*** Record set Section Begins ***
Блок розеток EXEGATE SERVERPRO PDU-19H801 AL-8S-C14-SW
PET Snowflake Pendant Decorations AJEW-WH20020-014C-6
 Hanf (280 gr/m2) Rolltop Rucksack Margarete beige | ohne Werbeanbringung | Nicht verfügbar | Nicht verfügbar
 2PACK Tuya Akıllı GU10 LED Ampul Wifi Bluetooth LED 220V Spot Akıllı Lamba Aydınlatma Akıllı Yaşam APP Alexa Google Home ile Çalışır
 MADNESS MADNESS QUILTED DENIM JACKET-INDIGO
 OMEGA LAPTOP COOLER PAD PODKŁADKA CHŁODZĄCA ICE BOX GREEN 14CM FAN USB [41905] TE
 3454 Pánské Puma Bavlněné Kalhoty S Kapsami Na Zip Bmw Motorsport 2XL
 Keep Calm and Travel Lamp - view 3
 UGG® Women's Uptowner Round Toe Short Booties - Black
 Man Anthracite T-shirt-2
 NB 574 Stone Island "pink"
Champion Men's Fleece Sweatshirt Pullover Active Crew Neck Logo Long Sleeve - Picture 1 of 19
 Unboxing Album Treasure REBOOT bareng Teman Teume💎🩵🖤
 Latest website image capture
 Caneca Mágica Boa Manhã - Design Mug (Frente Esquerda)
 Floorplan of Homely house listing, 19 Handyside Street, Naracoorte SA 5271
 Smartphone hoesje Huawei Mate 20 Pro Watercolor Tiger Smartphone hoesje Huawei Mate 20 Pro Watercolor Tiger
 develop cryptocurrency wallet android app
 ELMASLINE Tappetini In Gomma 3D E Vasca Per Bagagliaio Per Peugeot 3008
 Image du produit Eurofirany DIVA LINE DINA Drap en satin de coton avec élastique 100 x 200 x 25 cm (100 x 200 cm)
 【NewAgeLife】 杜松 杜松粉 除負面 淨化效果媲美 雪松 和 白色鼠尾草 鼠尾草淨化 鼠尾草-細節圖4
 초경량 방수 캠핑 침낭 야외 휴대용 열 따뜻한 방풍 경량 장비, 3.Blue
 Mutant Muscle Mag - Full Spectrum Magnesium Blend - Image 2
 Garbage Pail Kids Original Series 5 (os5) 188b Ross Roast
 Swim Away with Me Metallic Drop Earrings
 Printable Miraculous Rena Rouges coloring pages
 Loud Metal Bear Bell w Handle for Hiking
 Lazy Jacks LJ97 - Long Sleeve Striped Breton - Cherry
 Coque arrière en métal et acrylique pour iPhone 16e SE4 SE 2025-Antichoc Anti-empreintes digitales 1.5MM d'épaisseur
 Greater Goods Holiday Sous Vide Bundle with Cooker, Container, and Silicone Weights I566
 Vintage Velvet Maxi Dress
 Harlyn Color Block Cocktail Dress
*** Record set Section Ends ***
The task – Return, from the data, each line that has the word "with" in it.

Task solution –
 Swim Away with Me Metallic Drop Earrings
 Greater Goods Holiday Sous Vide Bundle with Cooker, Container, and Silicone Weights I566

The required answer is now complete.